Gelet op een en ander is de beslissing niet een besluit waartegen beroep bij de bestuursrechter open staat.
Een vordering kan in dit geval uitsluitend bij de burgerlijke rechter worden ingesteld. De rechtbank verwijst in dit verband naar artikel 8:71 van de Awb.
Voor een proceskostenveroordeling bestaat geen aanleiding.

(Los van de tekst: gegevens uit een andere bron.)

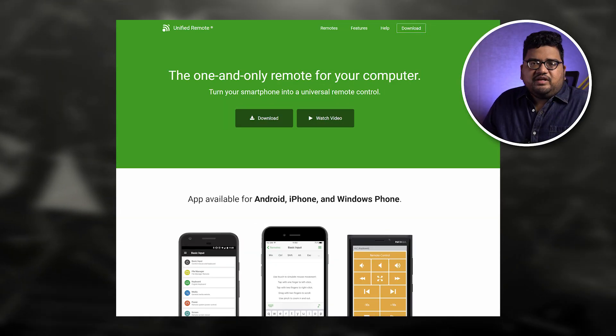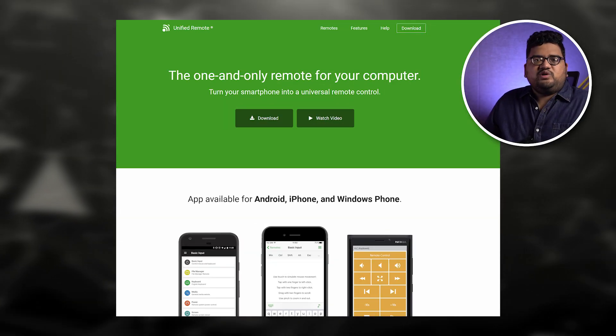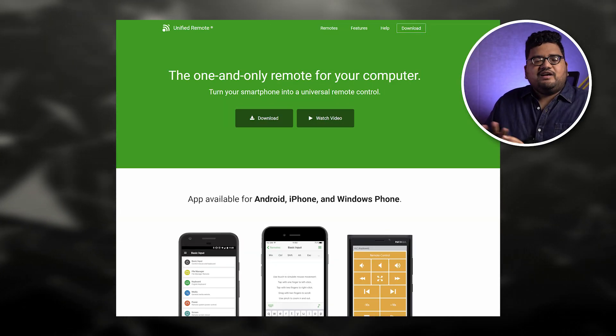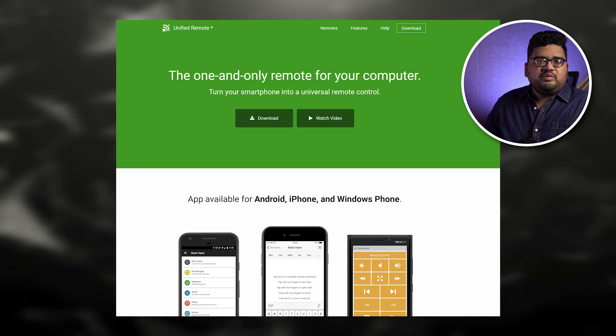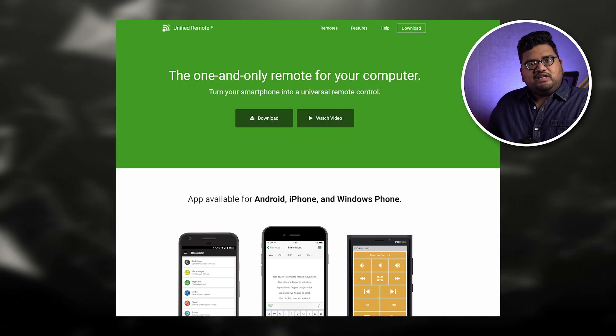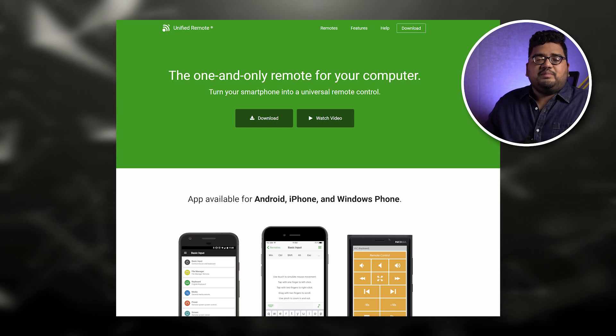Today's app of the day is Unified Remote. This application is probably on iOS as well, but I just use it on Android and Windows. Using this application, you can control your Windows PC completely — you can put your PC to sleep, hibernate, or completely shut it down just by using this application.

Deze uitspraak is gedaan door mr. P.J.M. Mol, rechter, in aanwezigheid van mr. J.P.A. ter Schure, griffier. De beslissing is in het openbaar uitgesproken op 31 januari 2018.
griffier rechter
Afschrift verzonden aan partijen op:

Rechtsmiddel

Tegen deze uitspraak kan binnen zes weken na de dag van verzending van het proces-verbaal daarvan hoger beroep worden ingesteld bij de Afdeling bestuursrechtspraak van de Raad van State. Als hoger beroep is ingesteld, kan bij de voorzieningenrechter van de hogerberoepsrechter worden verzocht om het treffen van een voorlopige voorziening of om het opheffen of wijzigen van een bij deze uitspraak getroffen voorlopige voorziening.